Caption-style text data:
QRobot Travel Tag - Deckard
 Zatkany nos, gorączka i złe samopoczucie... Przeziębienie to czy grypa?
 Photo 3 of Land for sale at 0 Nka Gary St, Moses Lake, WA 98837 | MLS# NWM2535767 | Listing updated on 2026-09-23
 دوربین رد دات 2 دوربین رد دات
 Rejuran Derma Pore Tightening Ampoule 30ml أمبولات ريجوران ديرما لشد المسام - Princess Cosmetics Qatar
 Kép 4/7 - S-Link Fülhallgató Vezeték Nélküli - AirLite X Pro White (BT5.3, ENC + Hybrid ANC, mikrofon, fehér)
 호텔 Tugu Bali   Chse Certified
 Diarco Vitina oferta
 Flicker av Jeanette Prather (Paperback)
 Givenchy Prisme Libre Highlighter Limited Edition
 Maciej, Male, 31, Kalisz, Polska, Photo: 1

Your assignment:
Please print out every record exactly as it is written.

Output of the task:
QRobot Travel Tag - Deckard
 Zatkany nos, gorączka i złe samopoczucie... Przeziębienie to czy grypa?
 Photo 3 of Land for sale at 0 Nka Gary St, Moses Lake, WA 98837 | MLS# NWM2535767 | Listing updated on 2026-09-23
 دوربین رد دات 2 دوربین رد دات
 Rejuran Derma Pore Tightening Ampoule 30ml أمبولات ريجوران ديرما لشد المسام - Princess Cosmetics Qatar
 Kép 4/7 - S-Link Fülhallgató Vezeték Nélküli - AirLite X Pro White (BT5.3, ENC + Hybrid ANC, mikrofon, fehér)
 호텔 Tugu Bali   Chse Certified
 Diarco Vitina oferta
 Flicker av Jeanette Prather (Paperback)
 Givenchy Prisme Libre Highlighter Limited Edition
 Maciej, Male, 31, Kalisz, Polska, Photo: 1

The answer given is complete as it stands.